The tall girl with the silver-streaked eyes pouted slightly, but nodded. Cynthia nodded as well, and Rowan raised his mug: "Well, we'll need Working for what we have in mind, too, Archer," he said, and winked as Aylward scowled. "The Lord of the Spears and the Lady of the Crows…"
Eilir and Astrid both looked as if they were suppressing a grave excitement. The pair from Dun Carson were openly eager. Juniper sighed. This too was the work of a leader in the Changed world.
Or perhaps any other.
Chapter Fourteen
Crossing Tavern, Willamette Valley, Oregon
May 13th, 2007 AD—Change Year Nine
I thought you had some direct action in mind, back on Gunpowder Day," Mike Havel said. "Good for you. If Arminger's barons think they can violate the truce on the quiet whenever they like, I'll be damned if we can't do likewise."
He grinned. "And each of us can blame it on the others."
Juniper nodded. "It's a cunning fellow you are, Mike. We left Chuck and Judy in charge at Dun Juniper, and the fair at Sutterdown this Beltane was a good cover for what we had to do. No better time to gather the right people secretly, and to leave unnoticed."

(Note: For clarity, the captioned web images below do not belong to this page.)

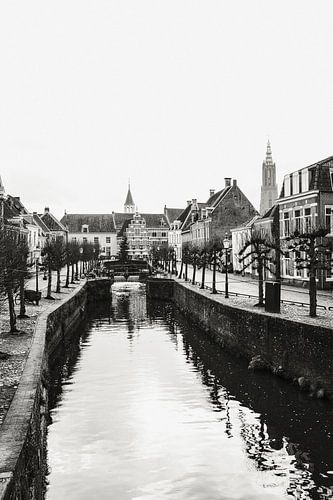 Amersfoort Koppelpoort Ansicht der Eem in schwarz-weiß (stehend)
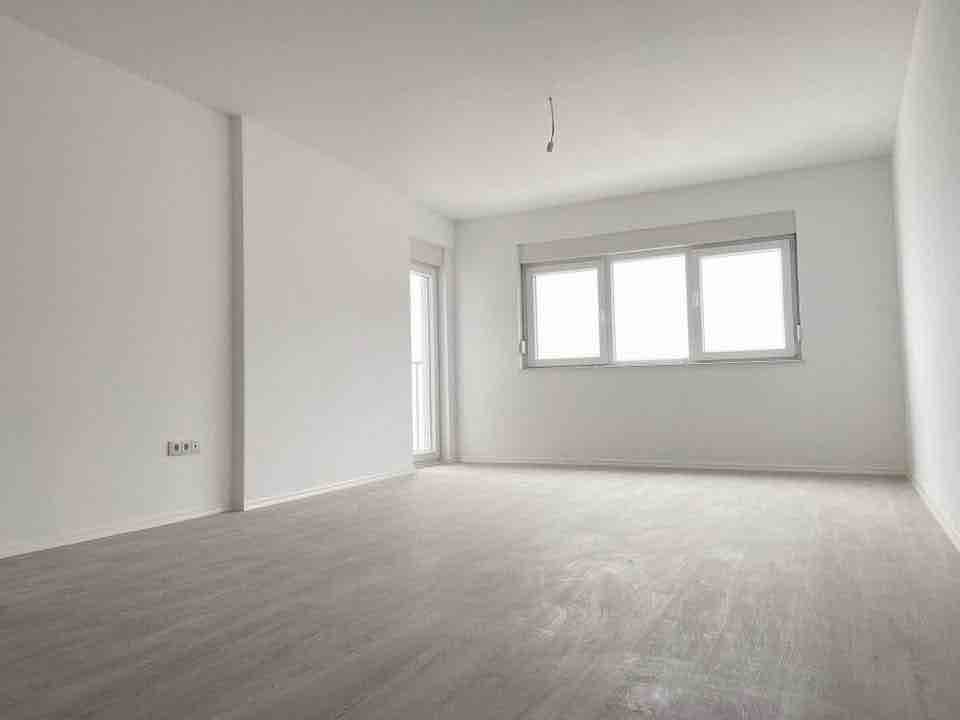 Banesë 3 dhomshe në Shitje - Rr. Sali Çeku banesë/apartment në Ferizaj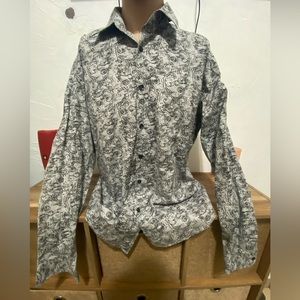 2/$5 Add another item to bundle. 
Cultura floral grey shirt
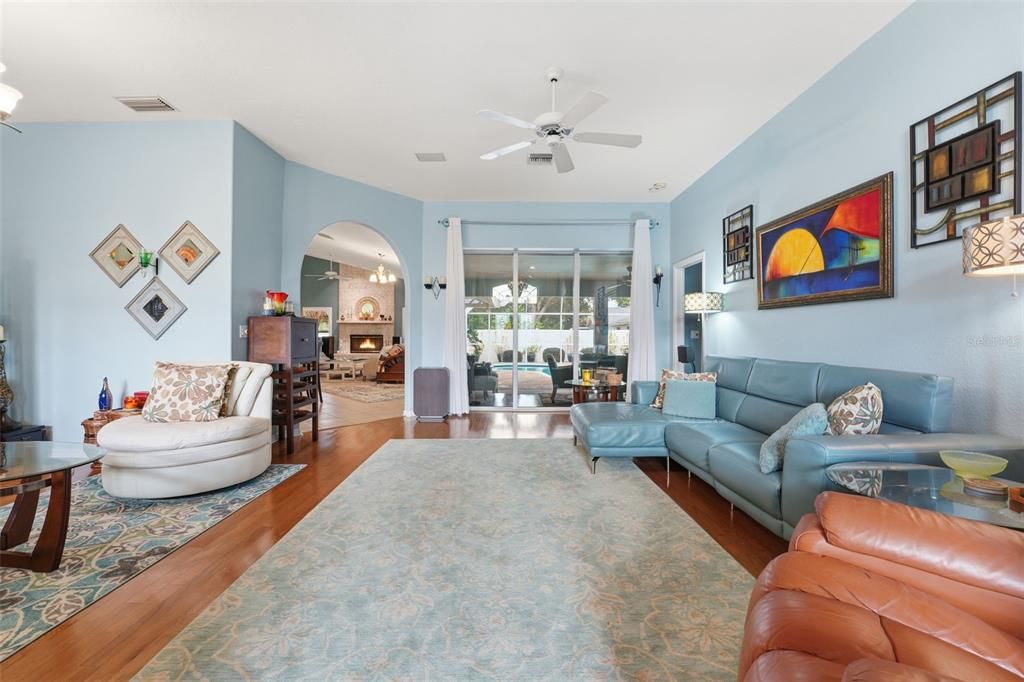 待售: $559,500 (3 贝兹, 2 浴室, 2129 平方英尺)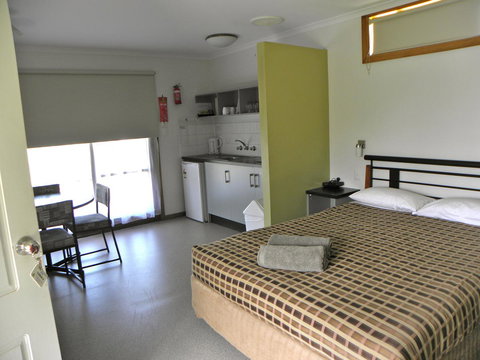 Lakeside Tourist Park - Accommodation Mooloolaba 9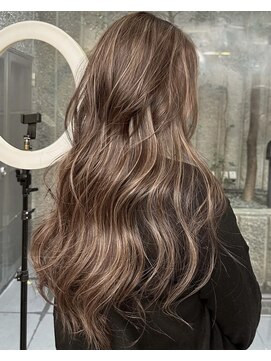 bell -emi- 外国時風ハイライト/ロング/ミルクティー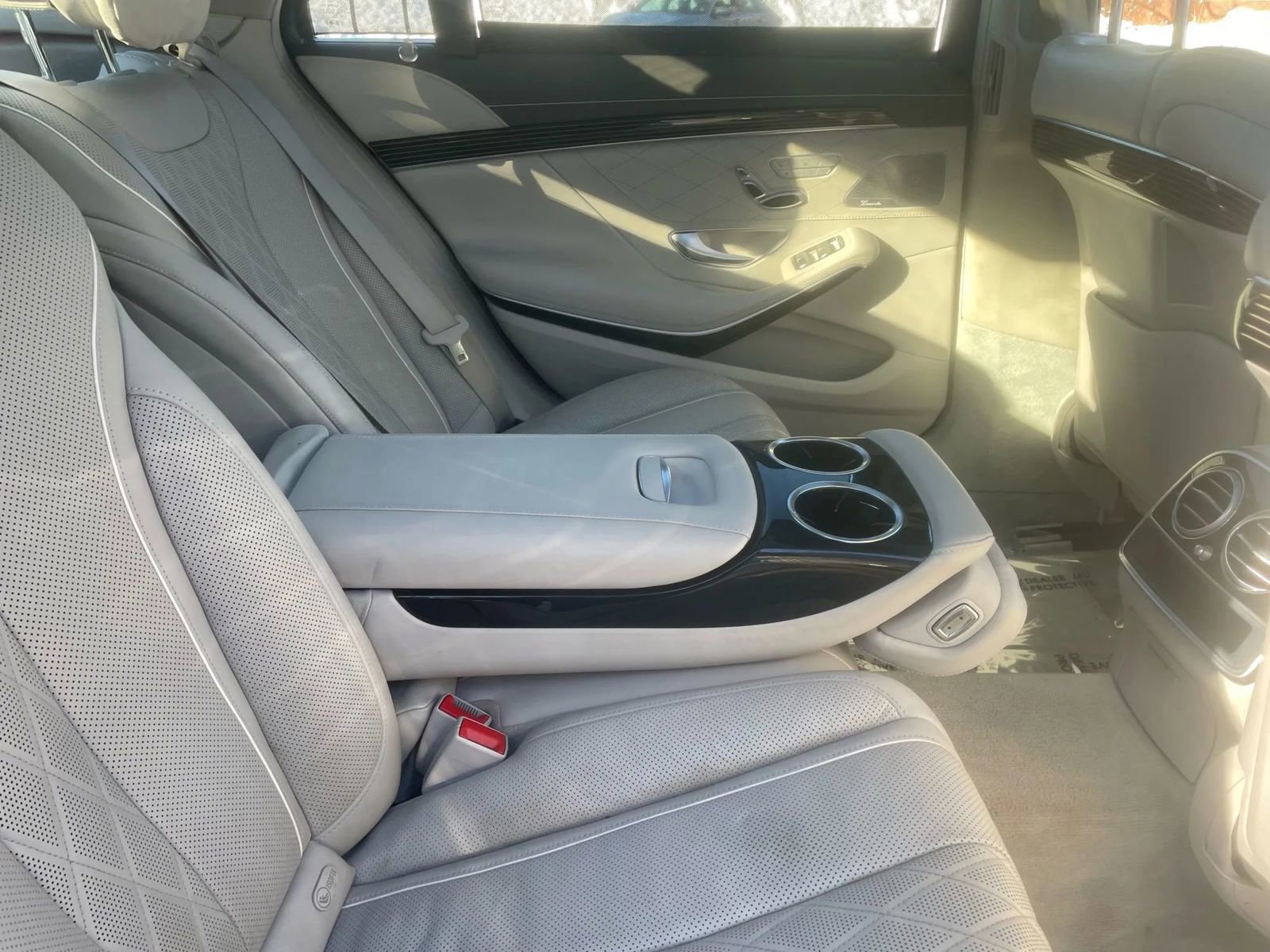 Used 2016 Mercedes-Benz S 550 4MATIC Sedan image 12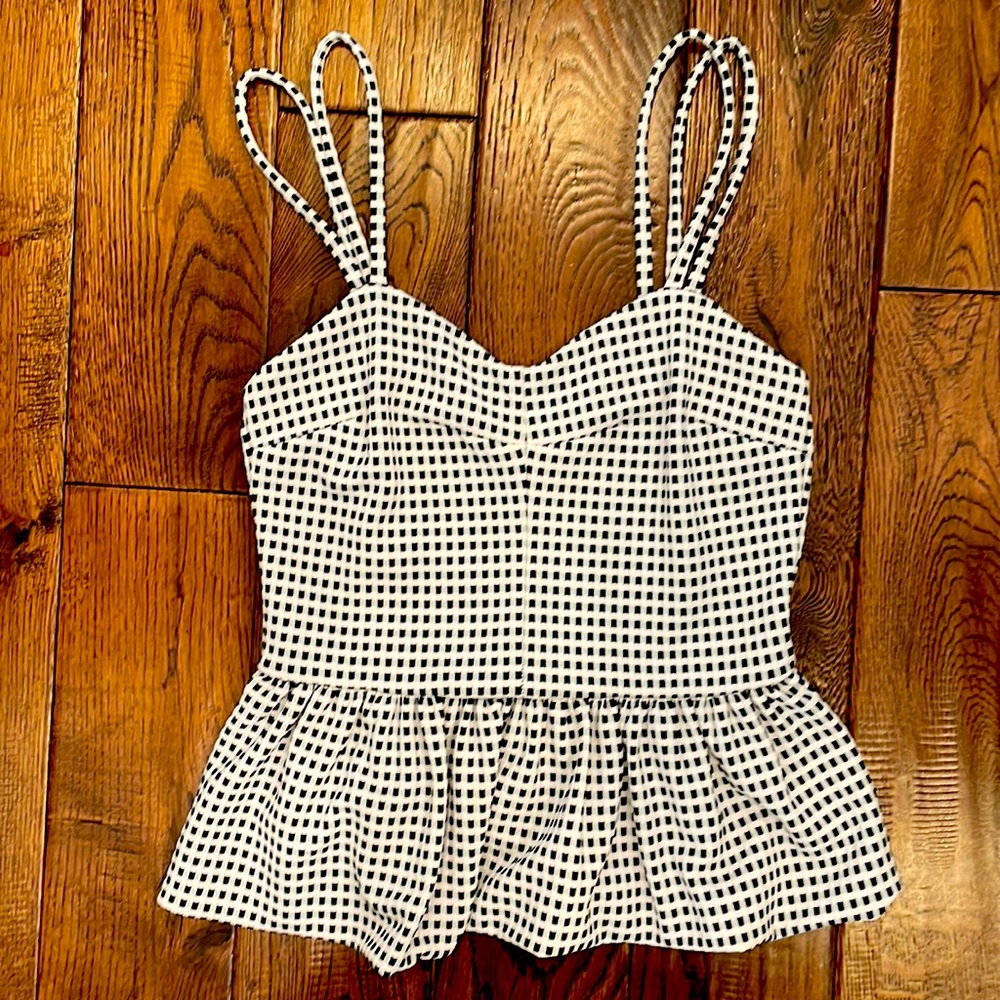 Chelsea28 peplum tank size XS
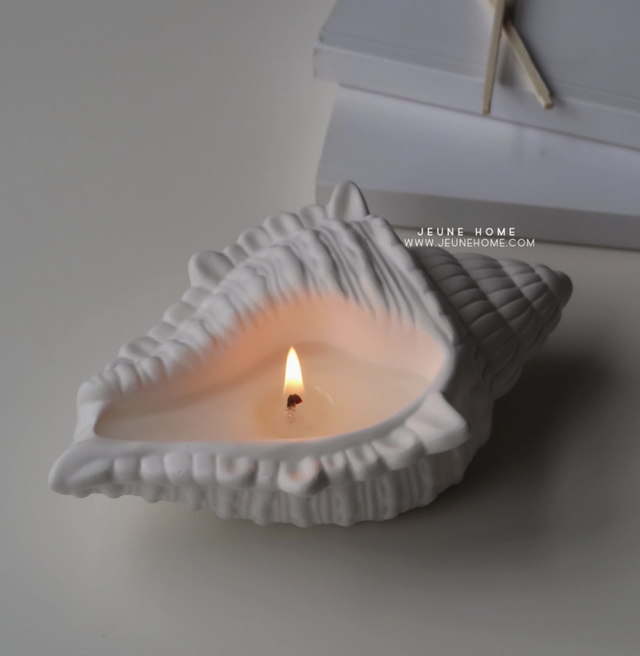 JEUNE - Conch Shell Candle 
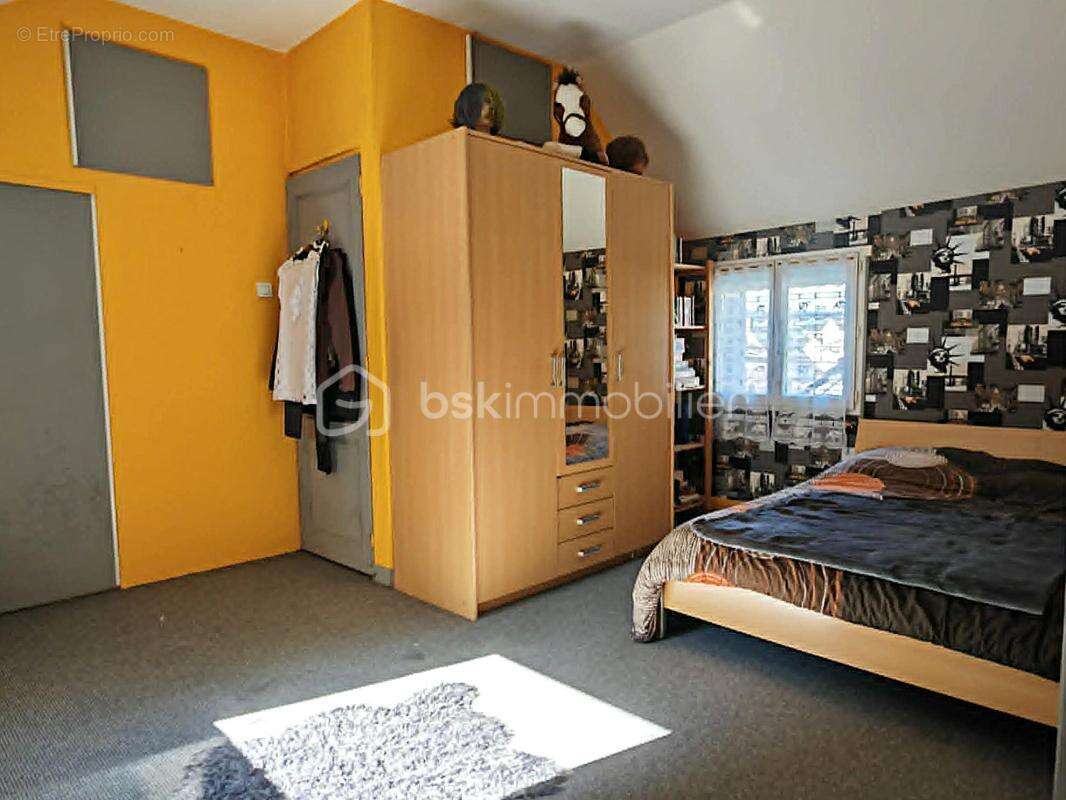 Maison de 140m² avec 4 chambre et 1 bureau à Bouttencourt 80220 - photo 12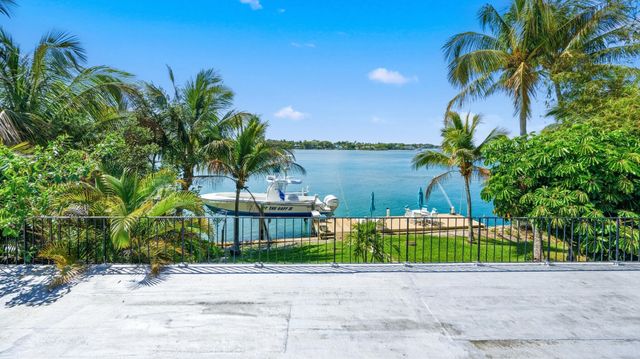 1305 Peninsular Road, Jupiter, FL 33469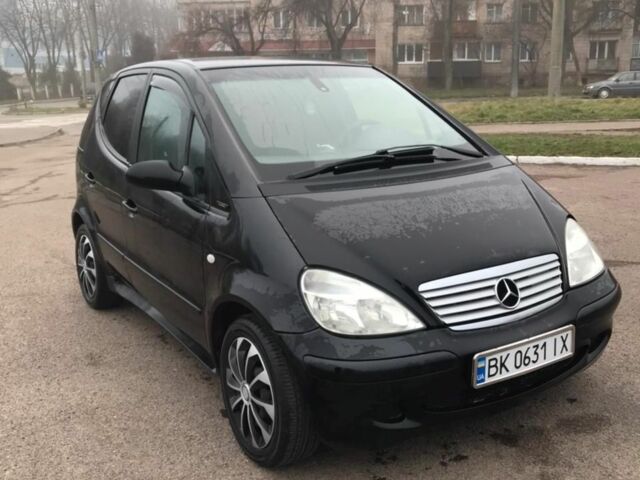 Черный Мерседес А 160, объемом двигателя 1.6 л и пробегом 177 тыс. км за 3000 $, фото 1 на Automoto.ua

What a wealth of living that packs into a couple of sentences, Juniper thought, looking around the Crossing Tavern's private room at them. Mike's eyes, friendly and shrewd and as ruthless as a wolf in winter as his strong white teeth ripped the meat off a pork rib; his Signe's blue gaze, intelligent and not in the least friendly; the calm strength of Will Hutton that always reminded her of Sam, and the polite curiosity of the English group.
"Arminger has been nipping at us for years, and we've been nipping right back," she said, taking a sip of her ale. "It was time to sink some real fangs right in his arse. And while there may or may not have been an underground of Witches in Europe in the old days, there most certainly is in the Protectorate this ninth year of the Change, and other folk Who're friendly to us and not him—secretly, of course. Relatives of those who've made it out and settled among us, for starters. First our people gathered by twos and threes, slipping away and eastward, up into the mountains on the old tracks."
"Safer than trying to sneak over the border around Salem, say?" Mike asked.
"Less conspicuous, certainly," Juniper said. "Except for the odd hunter not many go up into the high country these days, and most of those stick to the lower levels; the game's thicker there, and it's safer. We've never been able to scour the mountains completely clean of bandits and Eaters, not north of Route 20 at least. Too big, and too far from our duns. We can't spare the people for constant patrols. Plus there are too many ways to slip over the mountains."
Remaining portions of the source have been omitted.